The Childcare Act 2006 disqualifies teachers who live in the same household as other disqualified people. However, the Act does not apply to maintained primary schools such as the one in which the unnamed claimant in this case taught.
After taking views from various people about her situation, including from the police, the Probation Service and the Criminal Record Bureau, the head teacher decided that it was not necessary for her to make the disclosure and did not do so.
When the school governors found out, she was disciplined for not making the disclosure to them. She was ultimately dismissed for failing to disclose the relationship, and for failing to “recant” this during the disciplinary process.

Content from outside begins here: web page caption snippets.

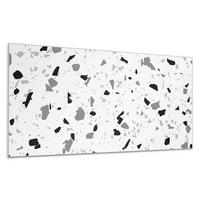 WANDPANEEL 120x60 cm selbstklebend Granilla - Weiß, Kunststoff (60/1.6/120cm) - Wallfluent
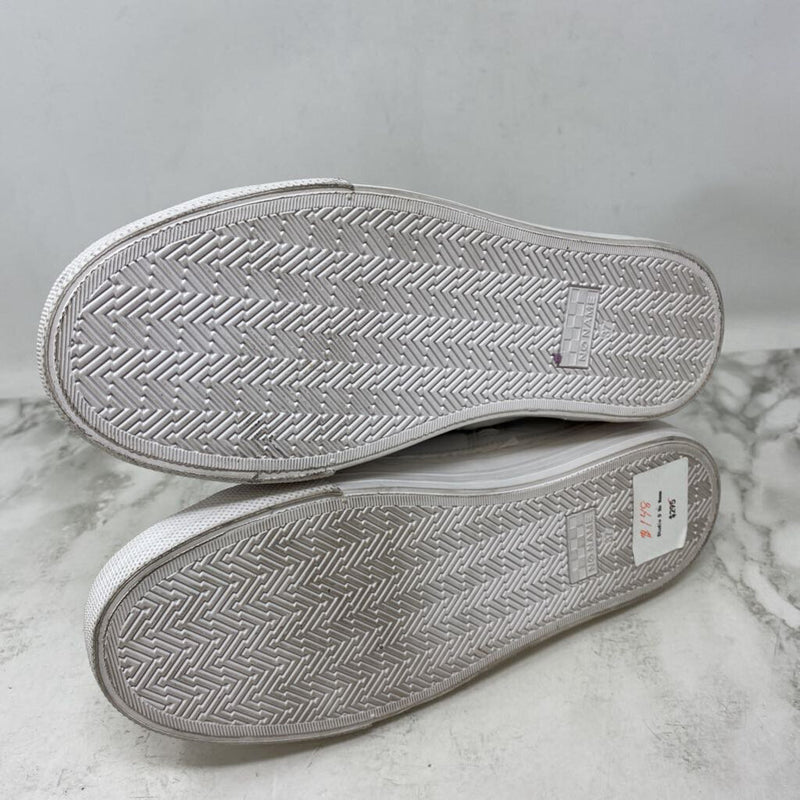 NO NAME WOMEN'S SNEAKERS white silver green mix 37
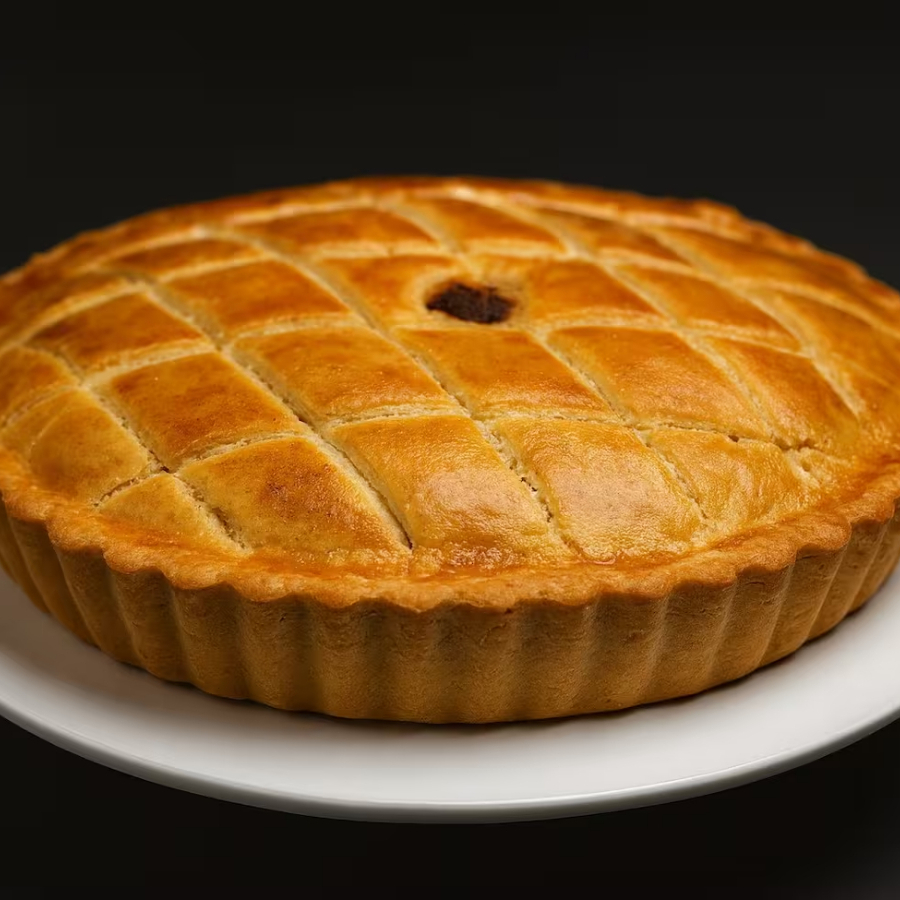 Torta de Frango com Catupiry com massa crocante na medida e douradinha, recheio cremoso e bem temperado, feita de forma artesanal. Uma opção clássica e muito saborosa.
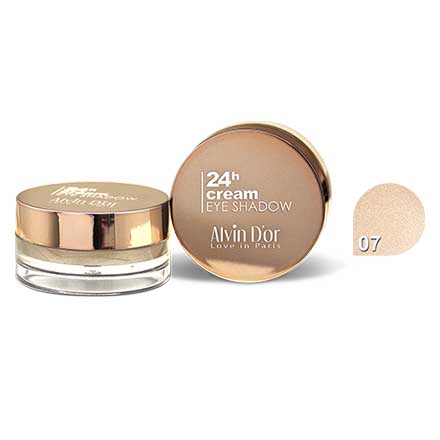 

Тени для век Alvin D'or 24h Cream, тон 07
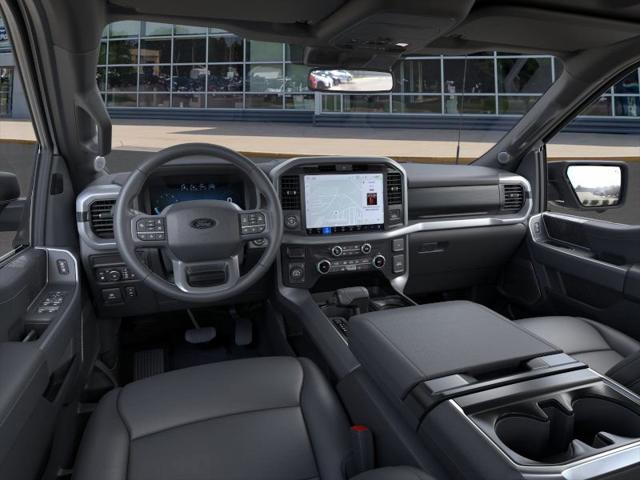 new 2025 Ford F-150 car, priced at $58,310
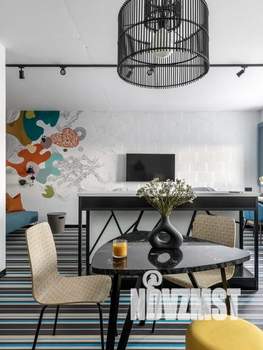 1-к квартира, посуточно, 47м2, 16/16 этаж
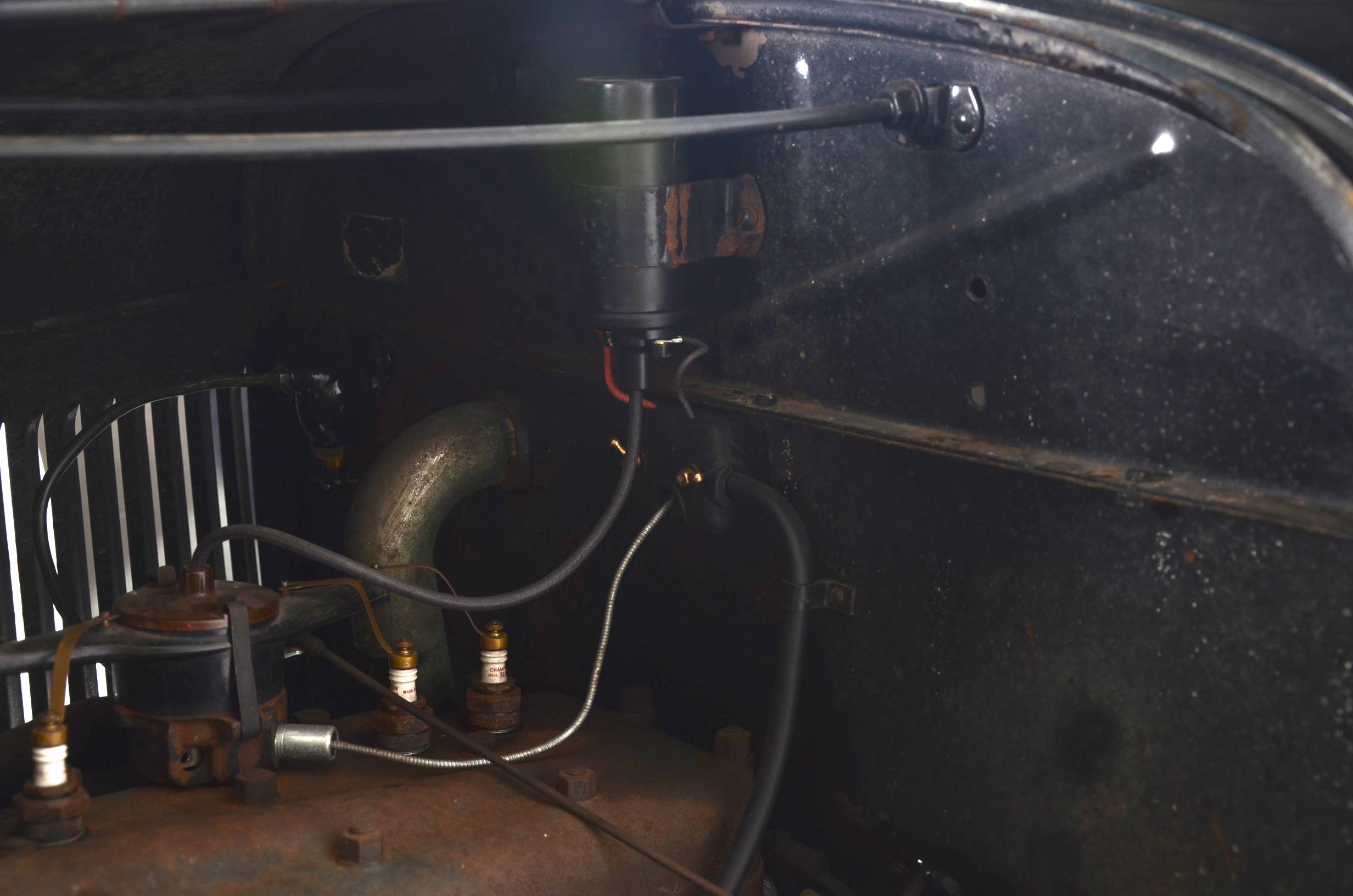 1929 Ford Model A Roadster Convertible Coupe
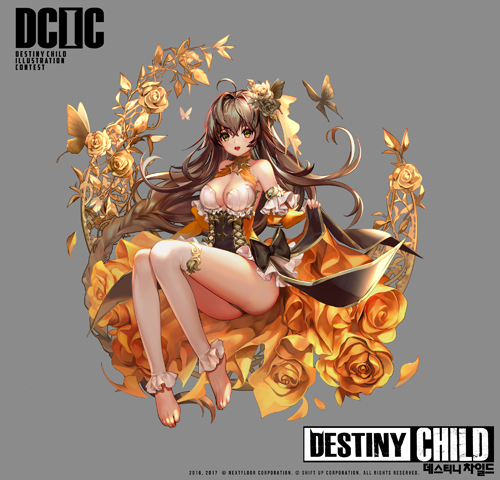 【天命之子】Destiny Child手游立绘原画素材2G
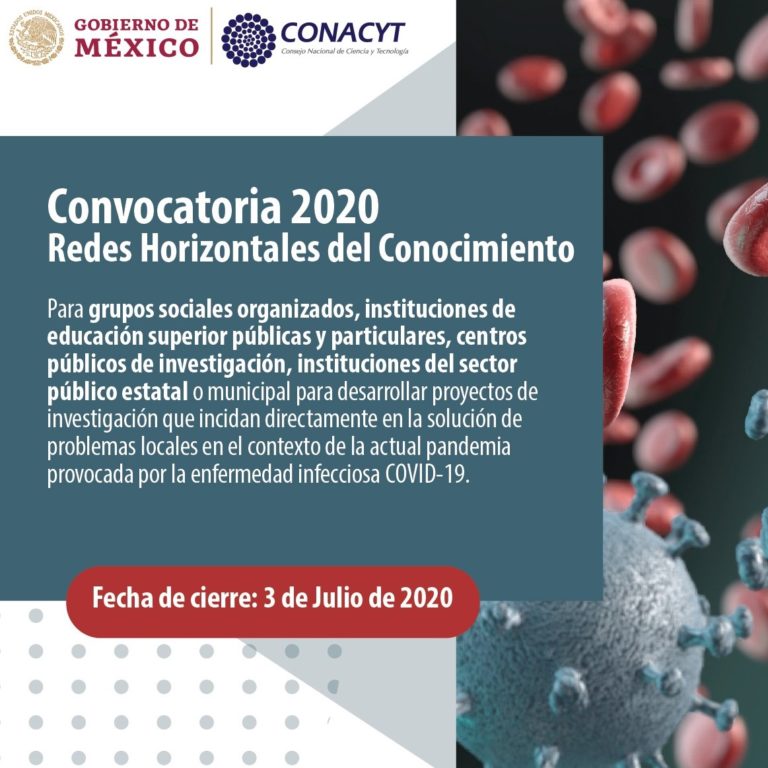 COPOCYT CONVOCATORIA 01JULIO2020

The school indicated that they may have been more lenient had she recanted.
The Employment Appeal Tribunal, by a majority of 2 out of 3 judges, decided that, even though the failure to disclose was strictly outside the Childcare Act, it came “close to the boundaries”. Although the school had not spelt out exactly what the risk to the children was, the EAT found that it did not need to do so, because it was clear that the relationship represented a general risk to children.
The judge who did not agree with this decision disagreed that there was a clear general risk to children arising out of the relationship. Mere association with a sex offender was not, in his view, sufficient to make it reasonable to assume there was a risk to children.
The EAT made it clear that cases such as this may result in a different outcome, as a Tribunal may not necessarily see a link between the relationship and a risk to children.